Changing stroke rehab and research worldwide now.Time is Brain! trillions and trillions of neurons that DIE each day because there are NO effective hyperacute therapies besides tPA(only 12% effective). I have 523 posts on hyperacute therapy, enough for researchers to spend decades proving them out. These are my personal ideas and blog on stroke rehabilitation and stroke research. Do not attempt any of these without checking with your medical provider. Unless you join me in agitating, when you need these therapies they won't be there.

What this blog is for:

My blog is not to help survivors recover, it is to have the 10 million yearly stroke survivors light fires underneath their doctors, stroke hospitals and stroke researchers to get stroke solved. 100% recovery. The stroke medical world is completely failing at that goal, they don't even have it as a goal. Shortly after getting out of the hospital and getting NO information on the process or protocols of stroke rehabilitation and recovery I started searching on the internet and found that no other survivor received useful information. This is an attempt to cover all stroke rehabilitation information that should be readily available to survivors so they can talk with informed knowledge to their medical staff. It lays out what needs to be done to get stroke survivors closer to 100% recovery. It's quite disgusting that this information is not available from every stroke association and doctors group.

Thursday, March 21, 2024

Unlocking Motion: The Unexpected Complexity of Motor Neurons

 

Well surprise surprise; this was known a decade ago!

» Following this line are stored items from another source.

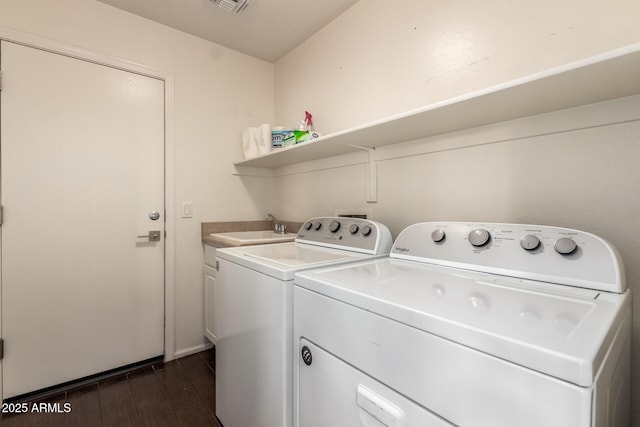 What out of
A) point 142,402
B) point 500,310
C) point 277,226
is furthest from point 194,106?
point 500,310

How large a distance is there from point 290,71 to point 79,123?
1533 mm

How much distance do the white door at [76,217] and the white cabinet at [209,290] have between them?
0.97ft

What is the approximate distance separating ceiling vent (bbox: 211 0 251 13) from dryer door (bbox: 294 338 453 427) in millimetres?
1971

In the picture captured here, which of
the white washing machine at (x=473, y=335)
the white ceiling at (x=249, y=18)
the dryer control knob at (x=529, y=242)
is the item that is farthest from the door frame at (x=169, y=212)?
the dryer control knob at (x=529, y=242)

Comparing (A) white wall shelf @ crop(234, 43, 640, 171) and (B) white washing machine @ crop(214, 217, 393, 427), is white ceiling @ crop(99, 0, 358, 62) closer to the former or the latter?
(A) white wall shelf @ crop(234, 43, 640, 171)

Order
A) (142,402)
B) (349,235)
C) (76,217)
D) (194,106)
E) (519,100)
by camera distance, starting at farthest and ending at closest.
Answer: (194,106), (76,217), (142,402), (349,235), (519,100)

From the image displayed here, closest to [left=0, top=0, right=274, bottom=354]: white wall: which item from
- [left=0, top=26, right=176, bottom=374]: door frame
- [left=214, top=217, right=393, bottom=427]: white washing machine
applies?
[left=0, top=26, right=176, bottom=374]: door frame

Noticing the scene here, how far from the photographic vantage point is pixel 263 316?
3.43 feet

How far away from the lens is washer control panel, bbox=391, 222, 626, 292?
2.50 ft

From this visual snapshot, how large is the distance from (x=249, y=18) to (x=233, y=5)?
0.16 m

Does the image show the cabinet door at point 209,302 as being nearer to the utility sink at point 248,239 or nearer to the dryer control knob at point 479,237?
the utility sink at point 248,239

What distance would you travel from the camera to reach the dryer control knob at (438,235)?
1.10 meters

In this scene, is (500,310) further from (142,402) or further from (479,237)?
(142,402)

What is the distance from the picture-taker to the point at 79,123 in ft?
5.83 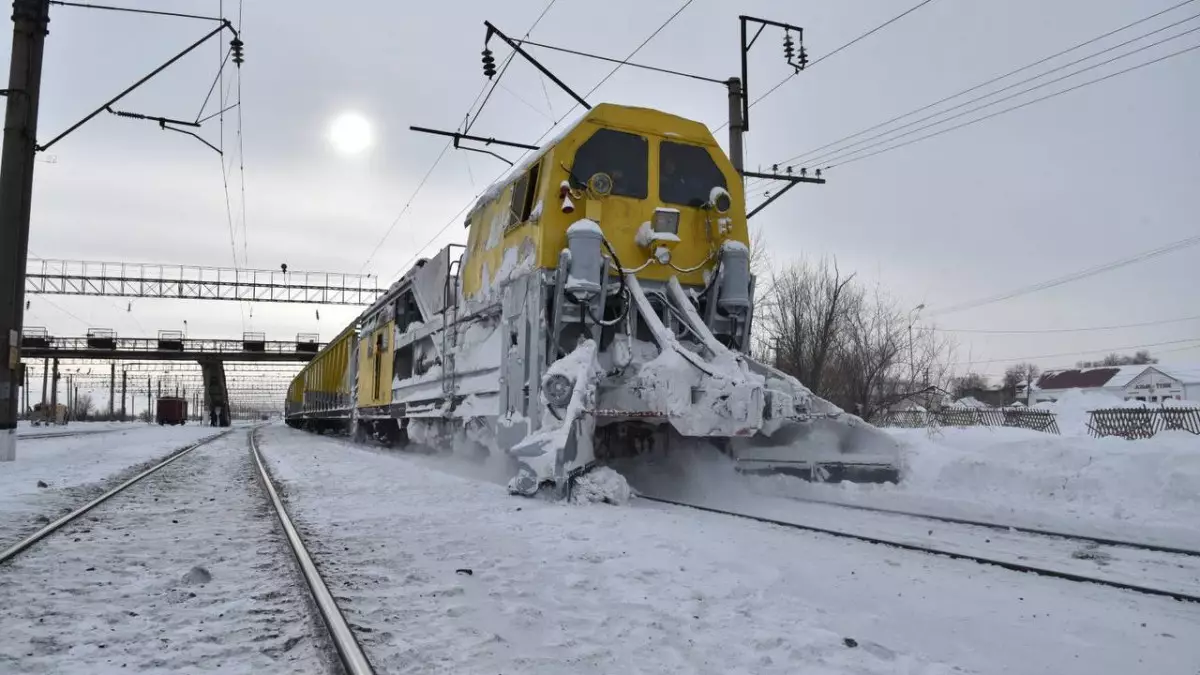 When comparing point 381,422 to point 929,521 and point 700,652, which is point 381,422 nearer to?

The Neuronal Multitasking Principle November 2011

Neurons dynamically switch identity in response to brain activity September 2015

Motor Neurons that Multitask November 2012

 


The Brain Cannot Multitask June 2014 

Maybe the brain can't multitask but individual neurons can? How is your doctor putting this all together to get you recovered? Is s/he even trying?

 

Unlocking Motion: The Unexpected Complexity of Motor Neurons

Summary: Researchers upended traditional views on motor neurons through their groundbreaking study on fruit flies. Demonstrating that individual motor neurons can produce a variety of complex head movements rather than just simple actions, this research highlights the intricate role these neurons play in bodily motion.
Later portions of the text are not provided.